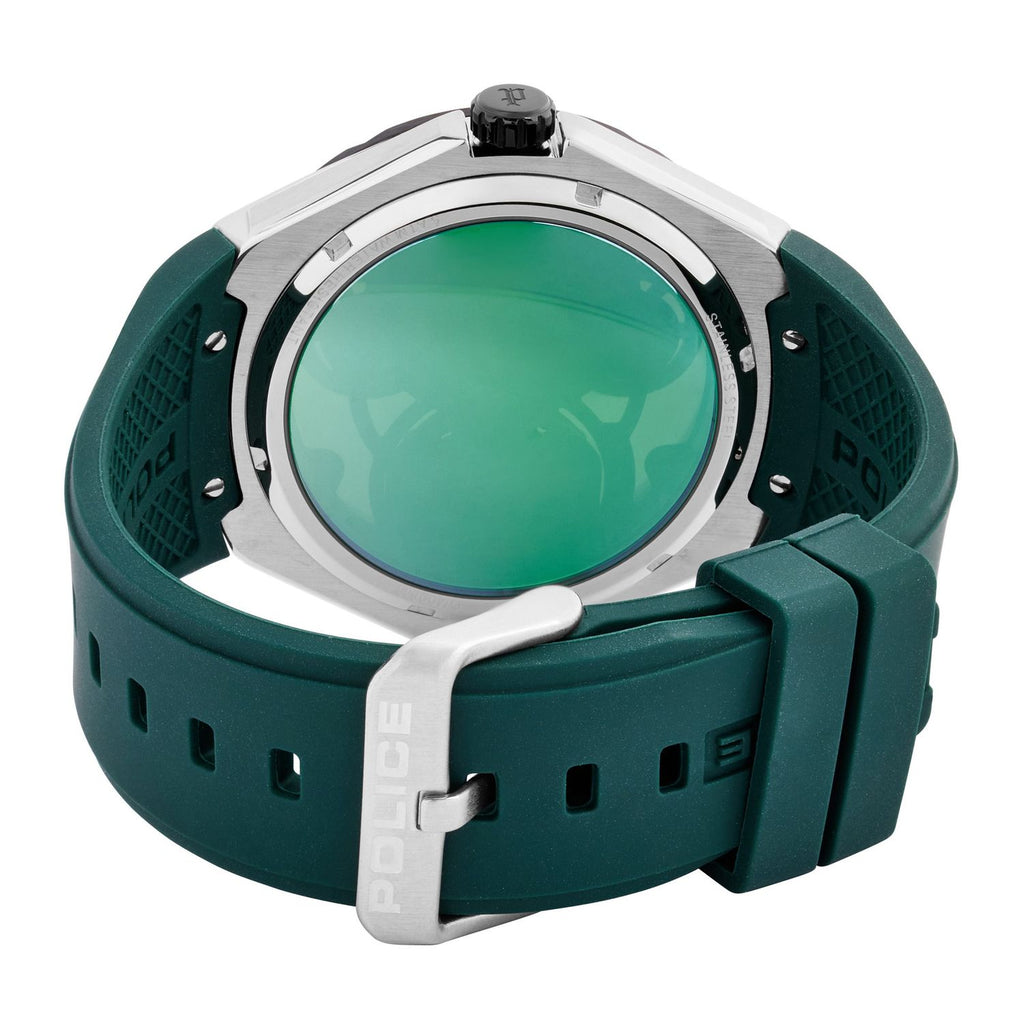 Police Montre double fuseau Scepter GPOM173319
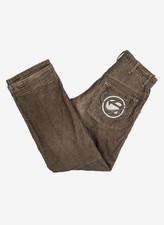G-Star Cordhose embroidered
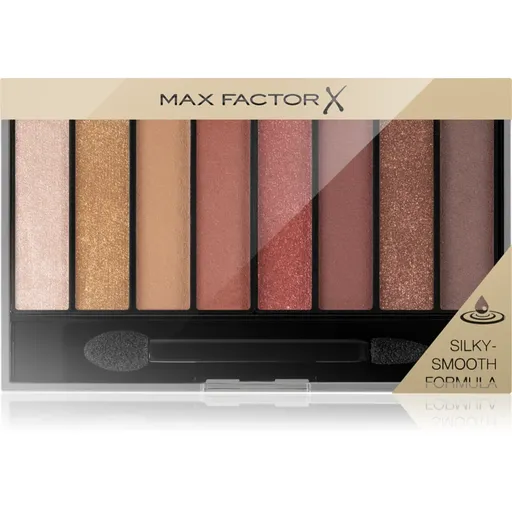 Max Factor Masterpiece Nude Palette paletka očných tieňov 005 Cherry Nudes 6.5 g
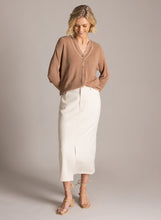 Load image into Gallery viewer, YEST - Klea Skirt - Natural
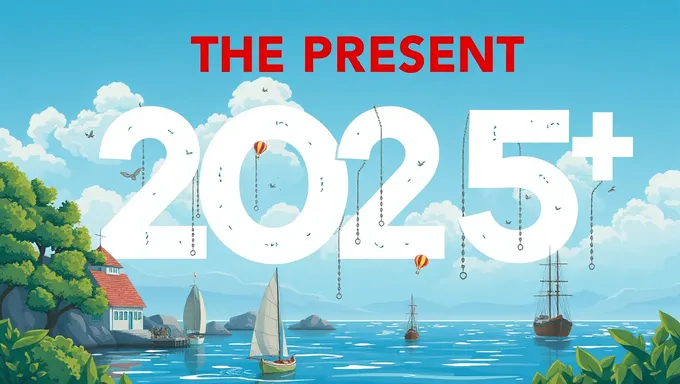 Le présent en 2025 : un nouvel âge commence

__________

ASSIGNMENT: Pictures must not appear in the copy, and every record must be restated word for word.

FINISHED EXERCISE:
 Police Montre double fuseau Scepter GPOM173319
G-Star Cordhose embroidered
 Max Factor Masterpiece Nude Palette paletka očných tieňov 005 Cherry Nudes 6.5 g
 Load image into Gallery viewer, YEST - Klea Skirt - Natural
 Le présent en 2025 : un nouvel âge commence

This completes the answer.